Os preços do petróleo tiveram perdas expressivas nesta sessão terça-feira no exterior em meio às preocupações com a demanda pelo óleo devido aos bloqueios prolongados da Covid-19 na China, um importante importador de petróleo no mundo.
Apesar disso, as perdas eram limitadas pelas sanções europeias ao óleo russo.
"Há preocupações reais se a demanda chinesa, que é um grande fator na demanda global, permanecerá forte em 2022”, disse nesta terça para a agência de notícias Reuters Gary Cunningham, diretor da Tradition Energy. As oscilações do óleo são fundamentais para a definição do mix pelas usinas.
Além disso, nos fundamentos, o mercado olha com otimismo a safra indiana e tailandesa 2021/22 que deverá ser expressiva, elevando a oferta no mundo do adoçante. A expectativa é que o país asiático exporta recorde de 8 milhões de toneladas.

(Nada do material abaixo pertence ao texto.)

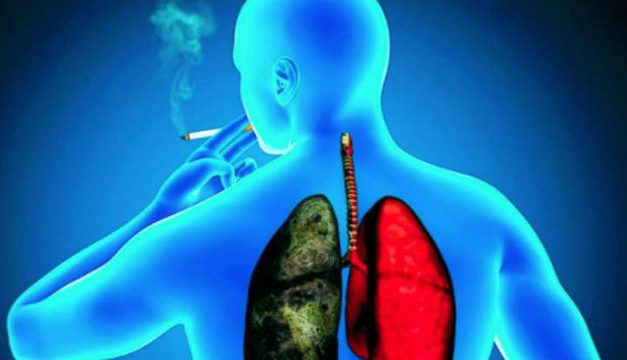 Este es el daño que causa al pulmón fumar menos de 5 cigarrillos
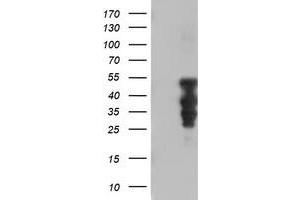 Image no. 1 for anti-Homeobox C11 (HOXC11) (AA 1-304) antibody (ABIN2723000)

"O aumento das ofertas da Índia e da Tailândia são esperados se o mercado continuar em alta. O Paquistão também está aumentando suas ofertas devido às boas colheitas lá", afirma o vice-presidente da Price Futures Group, Jack Scoville.
Por outro lado, no Centro-Sul do Brasil, a safra está lenta e os primeiros números desanimaram os envolvidos do mercado. Mas há informações de que a colheita na segunda quinzena de abril avançou mais fortemente, assim como neste início de maio.
"Com o início tardio da moagem neste ano, somente na segunda quinzena de abril que o açúcar do tipo cristal começou a ser ofertado no mercado spot e em pequenas quantidades, visto que eram poucas as usinas que já tinham o produto", disse o Cepea em nota.
MERCADO INTERNO
O avanço da safra brasileira tem pressionado as cotações do açúcar do mercado spot. No último dia de negociação, o Indicador CEPEA/ESALQ do açúcar, cor Icumsa de 130 a 180, mercado paulista, caiu 0,24%, negociado a R$ 135,11 a saca de 50 kg.
Já nas regiões Norte e Nordeste do Brasil, o açúcar ficou cotado a R$ 153,18 a saca com alta de 1,06%, segundo dados levantados pela consultoria Datagro. O açúcar VHP, em Santos (SP), tinha no último dia de apuração o preço FOB a US$ 19,95 c/lb com queda de 0,35%.